#### PROBLEM
The records below must be transcribed precisely and in full.

Stored items from a collection:

[Start of section]

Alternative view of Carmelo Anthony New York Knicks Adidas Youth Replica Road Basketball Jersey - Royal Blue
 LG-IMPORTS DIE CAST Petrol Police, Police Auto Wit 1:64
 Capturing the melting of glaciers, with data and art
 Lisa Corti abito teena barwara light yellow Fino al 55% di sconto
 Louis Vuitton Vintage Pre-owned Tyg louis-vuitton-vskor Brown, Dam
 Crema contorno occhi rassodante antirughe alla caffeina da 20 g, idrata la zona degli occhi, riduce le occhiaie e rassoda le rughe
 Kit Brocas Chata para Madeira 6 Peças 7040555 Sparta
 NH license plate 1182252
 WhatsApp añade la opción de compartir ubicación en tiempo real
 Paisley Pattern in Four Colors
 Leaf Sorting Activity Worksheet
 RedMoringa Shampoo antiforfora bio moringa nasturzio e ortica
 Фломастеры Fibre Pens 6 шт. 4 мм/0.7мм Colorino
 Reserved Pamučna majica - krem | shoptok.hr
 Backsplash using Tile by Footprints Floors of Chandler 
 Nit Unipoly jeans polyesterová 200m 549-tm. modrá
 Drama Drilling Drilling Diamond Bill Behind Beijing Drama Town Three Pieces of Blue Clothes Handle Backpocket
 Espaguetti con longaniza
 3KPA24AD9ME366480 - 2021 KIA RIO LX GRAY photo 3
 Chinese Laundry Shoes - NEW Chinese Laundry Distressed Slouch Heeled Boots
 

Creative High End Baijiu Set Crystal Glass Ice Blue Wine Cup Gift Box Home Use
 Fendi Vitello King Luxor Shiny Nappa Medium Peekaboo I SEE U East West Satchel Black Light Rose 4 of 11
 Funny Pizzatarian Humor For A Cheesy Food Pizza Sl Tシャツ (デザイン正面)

[End of section]

#### ANSWER BOX
Alternative view of Carmelo Anthony New York Knicks Adidas Youth Replica Road Basketball Jersey - Royal Blue
 LG-IMPORTS DIE CAST Petrol Police, Police Auto Wit 1:64
 Capturing the melting of glaciers, with data and art
 Lisa Corti abito teena barwara light yellow Fino al 55% di sconto
 Louis Vuitton Vintage Pre-owned Tyg louis-vuitton-vskor Brown, Dam
 Crema contorno occhi rassodante antirughe alla caffeina da 20 g, idrata la zona degli occhi, riduce le occhiaie e rassoda le rughe
 Kit Brocas Chata para Madeira 6 Peças 7040555 Sparta
 NH license plate 1182252
 WhatsApp añade la opción de compartir ubicación en tiempo real
 Paisley Pattern in Four Colors
 Leaf Sorting Activity Worksheet
 RedMoringa Shampoo antiforfora bio moringa nasturzio e ortica
 Фломастеры Fibre Pens 6 шт. 4 мм/0.7мм Colorino
 Reserved Pamučna majica - krem | shoptok.hr
 Backsplash using Tile by Footprints Floors of Chandler 
 Nit Unipoly jeans polyesterová 200m 549-tm. modrá
 Drama Drilling Drilling Diamond Bill Behind Beijing Drama Town Three Pieces of Blue Clothes Handle Backpocket
 Espaguetti con longaniza
 3KPA24AD9ME366480 - 2021 KIA RIO LX GRAY photo 3
 Chinese Laundry Shoes - NEW Chinese Laundry Distressed Slouch Heeled Boots
 

Creative High End Baijiu Set Crystal Glass Ice Blue Wine Cup Gift Box Home Use
 Fendi Vitello King Luxor Shiny Nappa Medium Peekaboo I SEE U East West Satchel Black Light Rose 4 of 11
 Funny Pizzatarian Humor For A Cheesy Food Pizza Sl Tシャツ (デザイン正面)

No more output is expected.